Одному из наших консулов с островов Венецианских случилось говорить с турецким каким-то начальником, который его принял за Венецианца и ему сказывал, что в бытность мою в Тавриде мечетям и школам и всем их веры людям столько показано добра, щедрости и снисхождения, что и самые мусульмане того бы не делали. Вот, как вести кругом ходят.

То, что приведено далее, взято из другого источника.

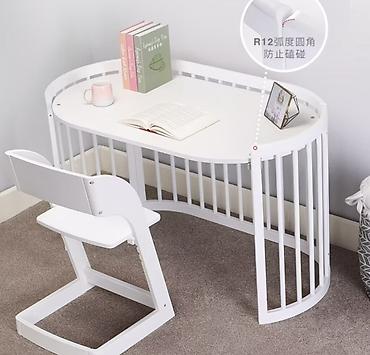 bunk bed: Трансформируемая детская кроватка 5-в-1 Описание: - — 3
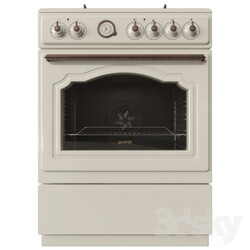 Gas and electric cooker Gorenje Classico 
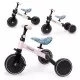Tricicleta cu pedale 3 in 1 Kidwell Pico Flower Tricicleta cu pedale 3 in 1 Kidwell Pico Flower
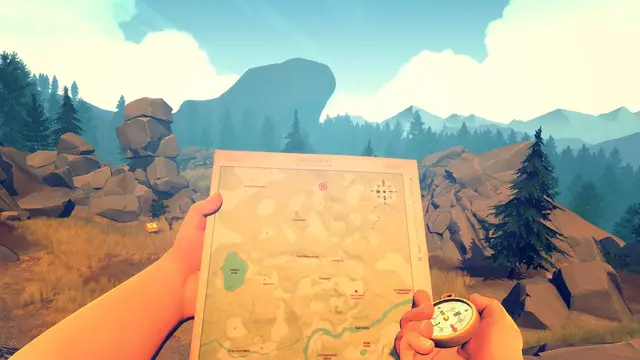 Firewatch — кадр 4 из 10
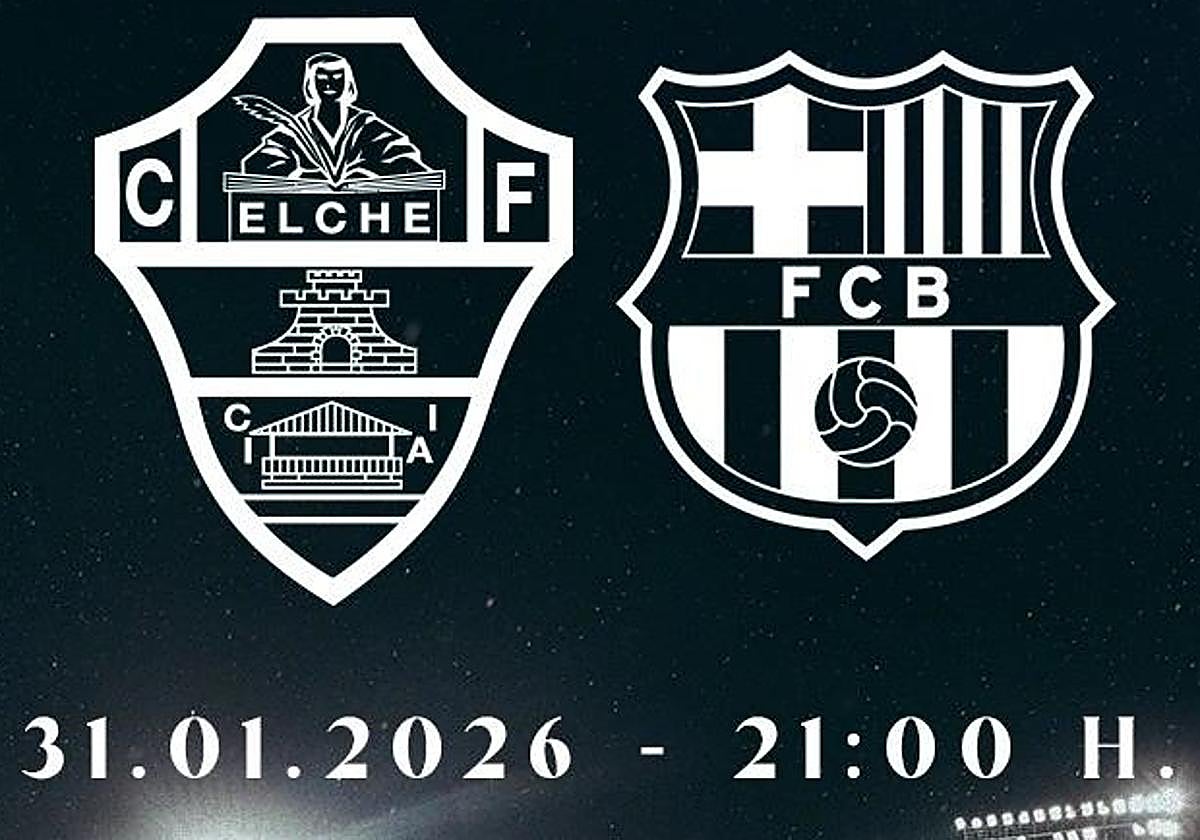 Estos son los precios para ver al Elche CF frente al FC Barcelona ...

Надобно, чтоб буря, которая щелкала Севастопольский флот велика была, что зделала оный совсем неупотребительным. О некомплекте в мушкатерских полках и по той причине о доставлении к ним рекрут, по мере как соберут, уже от меня приказано. Нассау еще не приехал, я посмотрю, как его с лучей пользою для нас употребить.
Прощай, Бог с тобою.
Ноября 2 ч., 1787
Действия на Кубани и за Кубанью я насилу на карте отыскала и, нашед, вижу, что они для безопасности Кавказской линии и самой Тавриды немаловажны, и надеяться надлежит, что после экспедиции Текеллия уже чрез Тамань наезды не будут.
816. Екатерина II — Г.А. Потемкину
Дай Боже тебе терпения сие трилистное письмо прочесть.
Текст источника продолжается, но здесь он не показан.